The floundering plan — first reported by BusinessLine — is being salvaged in the backdrop of two key developments since the beginning of the month.

One is the grand success of the IPO of Cochin Shipyard Ltd, the only local yard that has secured the technological capability to build such sophisticated tankers. The other is the exit of Arvind Panagariya from NITI Aayog, which found the plan not feasible.

Shipping Minister Nitin Gadkari is now scouting for ideas to make the plan work. The Ministry had been largely ignored by the Panagariya-led panel while writing a report on the feasibility of the plan at the behest of the PMO.

“The Shipping Minister is very upbeat about the plan, especially after the smashing success of the IPO of Cochin Shipyard, by defying all odds facing the industry,” a Ministry official said. “We will make a last push and go all out to make it happen.”

Cochin Shipyard was listed on the BSE on August 11, making it the first state-owned shipbuilder to be listed.

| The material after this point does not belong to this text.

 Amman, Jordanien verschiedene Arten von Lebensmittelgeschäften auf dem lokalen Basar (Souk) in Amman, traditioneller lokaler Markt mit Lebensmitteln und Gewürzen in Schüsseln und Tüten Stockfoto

It will utilise a part of the share sale proceeds to construct a new dry dock, its second, to help build larger ships including LNG carriers.

High cost

To conclude that the plan was not feasible, NITI Aayog cited the high cost — at least $100 million more — of building an initial set of LNG tankers in India, and the prospect of having to extend government counter-guarantees to the project.

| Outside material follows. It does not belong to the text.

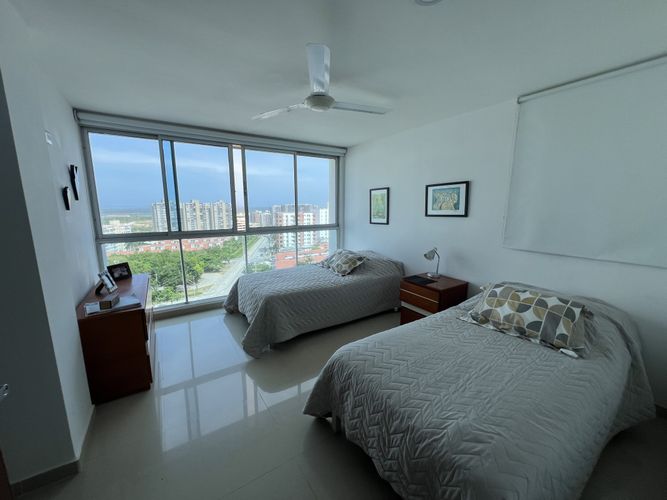 Apartamento de 3 alcobas en venta en Altos Del Prado, Barranquilla, 214 m² · foto 8 de 17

“He (Panagariya) is no longer there,” the Ministry official said. The government has since named economist Rajiv Kumar, a senior fellow at the Centre for Policy Research, to helm NITI Aayog.

The Shipping Ministry concedes that the high initial cost of constructing LNG tankers in India is a “matter of concern”. “But that is the price we have to pay for getting started on a new business segment. We are willing to work around that by giving a helping hand,” the official said.

Unlike earlier prime ministers, Narendra Modi has taken a keen interest in shipbuilding and had even visited the main yard of Hyundai Heavy Industries, the world’s largest shipbuilder, at Ulsan during a visit to South Korea in May 2015.

Cochin Shipyard has signed a technology collaboration pact with South Korea’s Samsung Heavy Industries Co Ltd to build LNG ships. This came after External Affairs Minister Sushma Swaraj lobbied with Seoul. The firm also secured a licence from GTT, France, to use its patented Mark-III LNG containment systems.